Du "abonnierst" einen 4K fähigen, Dolby 5.1 fähigen Streaming Dienst. Ja, die Spiele musst du kaufen (bis auf die regelmäßigen "Umsonst" Titel im Rahmen des Abos). Läuft das Abo aus, fällst da auf Stadia in der Grundversion zurück (FullHD, Sterero, aber erst ab 2020) BEHÄLTST aber deine gekauften Spiele und kannst die weiter spielen, nur der Zugriff auf die "Umsonst" Spiele im Rahmen des Abos entfällt.

Google "schenkt" dir als eigentlich eine auf FullHD beschränkte Konsole. (Ob die das später mit Werbung unterlegen ist eine andere Frage, ich frage mich wie die ansonsten das finanzieren wollen).

Wenn du wieder auf "Pro" zurückgehst, bekommst du auch die "Umsonst" Spiele alle wieder.

So der Stand der AGBs als ich damals geordert habe. Ohne Gewähr. So hab ich das damals verstanden.

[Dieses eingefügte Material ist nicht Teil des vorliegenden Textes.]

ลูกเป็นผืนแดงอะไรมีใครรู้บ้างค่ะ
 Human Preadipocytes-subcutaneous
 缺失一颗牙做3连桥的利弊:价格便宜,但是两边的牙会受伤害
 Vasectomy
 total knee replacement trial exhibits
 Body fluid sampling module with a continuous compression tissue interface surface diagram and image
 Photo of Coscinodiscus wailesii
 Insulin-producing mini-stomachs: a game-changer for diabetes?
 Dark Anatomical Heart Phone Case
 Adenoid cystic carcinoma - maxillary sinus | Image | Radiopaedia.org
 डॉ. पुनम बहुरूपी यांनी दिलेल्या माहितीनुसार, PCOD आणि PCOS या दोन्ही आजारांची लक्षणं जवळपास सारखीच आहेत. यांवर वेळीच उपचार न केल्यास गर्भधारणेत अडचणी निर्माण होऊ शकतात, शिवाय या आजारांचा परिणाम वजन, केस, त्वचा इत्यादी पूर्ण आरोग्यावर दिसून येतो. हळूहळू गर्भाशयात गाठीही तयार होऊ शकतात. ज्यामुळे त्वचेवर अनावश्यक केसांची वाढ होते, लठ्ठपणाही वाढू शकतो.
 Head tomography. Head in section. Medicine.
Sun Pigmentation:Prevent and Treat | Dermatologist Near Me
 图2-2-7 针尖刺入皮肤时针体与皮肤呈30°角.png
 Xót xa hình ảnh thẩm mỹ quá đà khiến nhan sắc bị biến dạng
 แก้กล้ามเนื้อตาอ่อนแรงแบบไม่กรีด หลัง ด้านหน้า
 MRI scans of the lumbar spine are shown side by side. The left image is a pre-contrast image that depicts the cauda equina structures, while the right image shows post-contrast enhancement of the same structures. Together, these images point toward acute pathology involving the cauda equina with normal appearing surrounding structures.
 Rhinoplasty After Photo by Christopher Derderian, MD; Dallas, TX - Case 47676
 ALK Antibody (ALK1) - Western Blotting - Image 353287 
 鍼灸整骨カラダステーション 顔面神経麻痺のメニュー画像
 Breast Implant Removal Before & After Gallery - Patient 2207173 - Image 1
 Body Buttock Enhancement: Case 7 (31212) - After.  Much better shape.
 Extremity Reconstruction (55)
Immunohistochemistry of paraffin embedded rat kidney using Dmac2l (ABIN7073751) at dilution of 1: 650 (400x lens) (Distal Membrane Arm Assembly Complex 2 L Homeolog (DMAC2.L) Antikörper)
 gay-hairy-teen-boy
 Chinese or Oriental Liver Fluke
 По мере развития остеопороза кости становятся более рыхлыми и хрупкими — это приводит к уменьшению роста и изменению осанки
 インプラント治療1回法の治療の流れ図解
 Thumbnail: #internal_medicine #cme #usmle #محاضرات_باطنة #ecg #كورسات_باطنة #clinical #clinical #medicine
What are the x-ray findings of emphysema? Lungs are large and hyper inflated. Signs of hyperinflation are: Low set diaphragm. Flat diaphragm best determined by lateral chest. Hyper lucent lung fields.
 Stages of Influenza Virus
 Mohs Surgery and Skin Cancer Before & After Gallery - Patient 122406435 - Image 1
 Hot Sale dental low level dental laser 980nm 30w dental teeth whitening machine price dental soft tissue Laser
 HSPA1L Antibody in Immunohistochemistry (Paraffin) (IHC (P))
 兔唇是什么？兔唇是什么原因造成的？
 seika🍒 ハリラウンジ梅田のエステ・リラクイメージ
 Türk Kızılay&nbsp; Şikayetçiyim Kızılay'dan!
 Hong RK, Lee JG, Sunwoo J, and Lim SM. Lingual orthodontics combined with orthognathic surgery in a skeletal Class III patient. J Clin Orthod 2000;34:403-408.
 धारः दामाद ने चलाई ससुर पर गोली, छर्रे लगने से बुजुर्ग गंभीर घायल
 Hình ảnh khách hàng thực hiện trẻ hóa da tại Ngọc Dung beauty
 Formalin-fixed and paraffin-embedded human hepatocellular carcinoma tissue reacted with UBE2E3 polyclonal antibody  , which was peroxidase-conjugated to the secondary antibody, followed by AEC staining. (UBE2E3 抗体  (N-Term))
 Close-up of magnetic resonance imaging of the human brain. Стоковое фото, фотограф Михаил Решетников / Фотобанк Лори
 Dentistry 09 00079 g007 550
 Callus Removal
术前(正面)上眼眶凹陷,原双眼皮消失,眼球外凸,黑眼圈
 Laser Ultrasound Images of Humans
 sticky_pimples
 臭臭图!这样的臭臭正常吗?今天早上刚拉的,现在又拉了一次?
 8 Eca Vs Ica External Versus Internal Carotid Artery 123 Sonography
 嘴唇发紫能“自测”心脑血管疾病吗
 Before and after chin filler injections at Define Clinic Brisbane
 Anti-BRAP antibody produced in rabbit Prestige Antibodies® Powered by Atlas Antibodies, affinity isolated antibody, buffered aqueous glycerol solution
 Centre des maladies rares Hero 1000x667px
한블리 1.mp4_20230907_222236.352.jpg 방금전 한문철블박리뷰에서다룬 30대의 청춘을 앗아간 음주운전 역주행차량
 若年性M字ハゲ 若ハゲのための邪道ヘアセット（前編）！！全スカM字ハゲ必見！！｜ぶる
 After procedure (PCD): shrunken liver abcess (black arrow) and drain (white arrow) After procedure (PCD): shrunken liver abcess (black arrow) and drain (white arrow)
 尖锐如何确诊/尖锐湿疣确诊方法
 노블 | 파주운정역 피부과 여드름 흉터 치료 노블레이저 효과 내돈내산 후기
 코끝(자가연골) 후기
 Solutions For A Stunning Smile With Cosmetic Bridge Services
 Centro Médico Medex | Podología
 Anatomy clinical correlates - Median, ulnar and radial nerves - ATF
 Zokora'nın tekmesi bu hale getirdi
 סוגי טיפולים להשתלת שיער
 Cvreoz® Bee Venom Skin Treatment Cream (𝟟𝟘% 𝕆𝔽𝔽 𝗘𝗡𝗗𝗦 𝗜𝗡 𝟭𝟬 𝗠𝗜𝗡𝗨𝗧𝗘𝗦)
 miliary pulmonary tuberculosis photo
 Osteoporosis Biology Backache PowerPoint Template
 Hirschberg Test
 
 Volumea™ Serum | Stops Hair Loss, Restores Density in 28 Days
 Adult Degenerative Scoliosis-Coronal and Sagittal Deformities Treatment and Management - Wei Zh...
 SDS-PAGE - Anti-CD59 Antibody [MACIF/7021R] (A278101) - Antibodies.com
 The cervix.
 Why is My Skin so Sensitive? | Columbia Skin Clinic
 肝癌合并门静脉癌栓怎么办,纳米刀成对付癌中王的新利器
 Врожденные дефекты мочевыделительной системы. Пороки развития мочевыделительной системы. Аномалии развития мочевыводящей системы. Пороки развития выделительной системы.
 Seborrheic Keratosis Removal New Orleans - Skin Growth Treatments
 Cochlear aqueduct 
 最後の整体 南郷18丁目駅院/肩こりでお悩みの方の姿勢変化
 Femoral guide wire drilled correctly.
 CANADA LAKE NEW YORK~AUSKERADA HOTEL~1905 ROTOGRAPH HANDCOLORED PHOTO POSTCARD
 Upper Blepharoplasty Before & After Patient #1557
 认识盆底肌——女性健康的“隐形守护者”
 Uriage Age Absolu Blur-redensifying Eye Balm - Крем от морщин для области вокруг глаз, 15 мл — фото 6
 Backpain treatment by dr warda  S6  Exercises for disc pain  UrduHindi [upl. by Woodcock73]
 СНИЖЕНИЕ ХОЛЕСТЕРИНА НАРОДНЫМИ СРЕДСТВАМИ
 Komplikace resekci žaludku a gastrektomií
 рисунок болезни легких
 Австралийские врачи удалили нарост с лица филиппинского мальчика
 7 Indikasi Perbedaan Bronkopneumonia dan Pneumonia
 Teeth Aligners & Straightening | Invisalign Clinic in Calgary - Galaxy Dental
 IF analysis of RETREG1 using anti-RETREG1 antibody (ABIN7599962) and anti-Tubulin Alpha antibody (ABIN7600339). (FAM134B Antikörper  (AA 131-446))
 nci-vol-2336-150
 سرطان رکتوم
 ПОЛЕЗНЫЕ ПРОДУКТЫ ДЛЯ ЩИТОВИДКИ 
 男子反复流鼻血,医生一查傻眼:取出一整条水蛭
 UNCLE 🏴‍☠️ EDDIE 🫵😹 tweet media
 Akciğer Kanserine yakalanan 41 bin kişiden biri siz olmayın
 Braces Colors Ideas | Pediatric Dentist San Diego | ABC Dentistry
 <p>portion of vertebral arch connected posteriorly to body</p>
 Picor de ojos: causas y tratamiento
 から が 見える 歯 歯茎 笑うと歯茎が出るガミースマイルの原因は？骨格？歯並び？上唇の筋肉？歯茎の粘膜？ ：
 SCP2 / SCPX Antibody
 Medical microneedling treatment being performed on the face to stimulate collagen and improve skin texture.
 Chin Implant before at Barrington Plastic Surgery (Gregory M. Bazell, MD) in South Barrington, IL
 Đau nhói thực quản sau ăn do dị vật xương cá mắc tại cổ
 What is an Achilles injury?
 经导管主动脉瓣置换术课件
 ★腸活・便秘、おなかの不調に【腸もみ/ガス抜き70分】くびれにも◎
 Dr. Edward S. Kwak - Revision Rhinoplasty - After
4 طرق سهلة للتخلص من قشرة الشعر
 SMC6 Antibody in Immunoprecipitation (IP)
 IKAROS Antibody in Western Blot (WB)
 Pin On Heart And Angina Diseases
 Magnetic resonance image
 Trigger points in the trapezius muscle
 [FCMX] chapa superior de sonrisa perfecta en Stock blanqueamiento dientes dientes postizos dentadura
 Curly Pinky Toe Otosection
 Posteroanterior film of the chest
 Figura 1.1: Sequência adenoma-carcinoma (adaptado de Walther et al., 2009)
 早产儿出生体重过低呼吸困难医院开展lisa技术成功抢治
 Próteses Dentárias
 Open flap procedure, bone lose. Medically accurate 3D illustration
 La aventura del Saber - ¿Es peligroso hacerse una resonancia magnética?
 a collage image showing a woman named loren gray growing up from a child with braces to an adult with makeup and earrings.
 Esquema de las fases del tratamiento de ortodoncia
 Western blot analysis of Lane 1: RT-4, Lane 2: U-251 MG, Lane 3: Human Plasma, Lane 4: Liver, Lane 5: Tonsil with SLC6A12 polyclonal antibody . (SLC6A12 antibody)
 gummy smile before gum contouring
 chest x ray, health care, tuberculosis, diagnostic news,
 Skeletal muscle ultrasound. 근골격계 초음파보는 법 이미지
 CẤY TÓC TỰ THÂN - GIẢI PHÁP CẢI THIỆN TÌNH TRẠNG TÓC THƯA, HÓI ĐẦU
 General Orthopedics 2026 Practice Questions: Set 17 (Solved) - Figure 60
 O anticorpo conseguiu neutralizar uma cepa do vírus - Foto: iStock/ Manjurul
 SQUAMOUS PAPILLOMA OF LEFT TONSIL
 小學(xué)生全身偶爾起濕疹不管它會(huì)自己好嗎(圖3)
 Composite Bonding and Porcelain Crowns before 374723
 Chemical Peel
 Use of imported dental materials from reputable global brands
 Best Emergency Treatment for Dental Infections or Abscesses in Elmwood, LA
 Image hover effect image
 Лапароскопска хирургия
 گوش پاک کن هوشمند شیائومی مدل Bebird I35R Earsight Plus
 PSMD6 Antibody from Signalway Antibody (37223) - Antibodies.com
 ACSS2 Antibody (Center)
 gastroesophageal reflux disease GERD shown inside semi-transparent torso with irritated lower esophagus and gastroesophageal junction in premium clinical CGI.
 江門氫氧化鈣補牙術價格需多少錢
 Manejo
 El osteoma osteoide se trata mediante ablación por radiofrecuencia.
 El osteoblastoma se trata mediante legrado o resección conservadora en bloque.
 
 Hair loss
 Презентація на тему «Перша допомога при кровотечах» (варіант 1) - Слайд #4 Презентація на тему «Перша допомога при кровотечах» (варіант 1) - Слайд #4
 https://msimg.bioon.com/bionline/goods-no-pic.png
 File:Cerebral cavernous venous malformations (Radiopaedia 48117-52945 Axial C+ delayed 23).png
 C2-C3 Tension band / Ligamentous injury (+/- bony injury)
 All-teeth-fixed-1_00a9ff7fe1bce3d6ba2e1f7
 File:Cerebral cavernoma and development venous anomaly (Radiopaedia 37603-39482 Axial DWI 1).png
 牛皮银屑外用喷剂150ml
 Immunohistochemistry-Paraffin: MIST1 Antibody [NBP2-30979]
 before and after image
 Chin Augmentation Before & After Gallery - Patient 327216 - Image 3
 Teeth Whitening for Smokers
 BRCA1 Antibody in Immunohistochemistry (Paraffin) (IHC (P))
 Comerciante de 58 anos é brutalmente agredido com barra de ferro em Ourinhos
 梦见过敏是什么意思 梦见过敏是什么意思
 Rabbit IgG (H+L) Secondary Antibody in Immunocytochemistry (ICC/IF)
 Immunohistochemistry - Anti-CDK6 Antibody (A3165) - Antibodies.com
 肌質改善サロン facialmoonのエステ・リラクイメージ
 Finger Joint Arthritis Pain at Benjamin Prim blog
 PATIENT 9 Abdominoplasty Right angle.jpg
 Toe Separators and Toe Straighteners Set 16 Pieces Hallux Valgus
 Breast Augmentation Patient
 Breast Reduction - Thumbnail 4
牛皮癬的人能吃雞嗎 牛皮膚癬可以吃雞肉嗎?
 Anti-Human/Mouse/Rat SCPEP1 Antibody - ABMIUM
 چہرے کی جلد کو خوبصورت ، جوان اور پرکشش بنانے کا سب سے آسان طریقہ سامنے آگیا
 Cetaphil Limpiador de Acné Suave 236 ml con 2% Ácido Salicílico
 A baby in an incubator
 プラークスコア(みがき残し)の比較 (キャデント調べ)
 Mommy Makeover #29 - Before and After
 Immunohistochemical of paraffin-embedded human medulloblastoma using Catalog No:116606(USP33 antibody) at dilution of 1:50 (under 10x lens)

Die 9,99 Euro Abo sind dabei gar nicht mal so teuer wie manche meinen, bei Shadow hat man - je nachdem was für ein Angebot gerade war - für einen virtuell gestreamten PC ohne Spiele ja auch zwischen 20 -30 Euro monatlich bezahlt.. aber dafür konnte man auch (fast) alles installieren was man so PC mäßig schon auf diversen Accounts hat und es ist fast ein vollwertiger PC inklusive Mod-Fähigkeit usw. Ab nächstes Jahr im Februar gibt es da auch eine Variante die unter 20 Euro kostet im Monat. Trotzdem, für eine leistungsfähige 4K Hardware ist Google da gar nicht mal so unrealistisch bepreist.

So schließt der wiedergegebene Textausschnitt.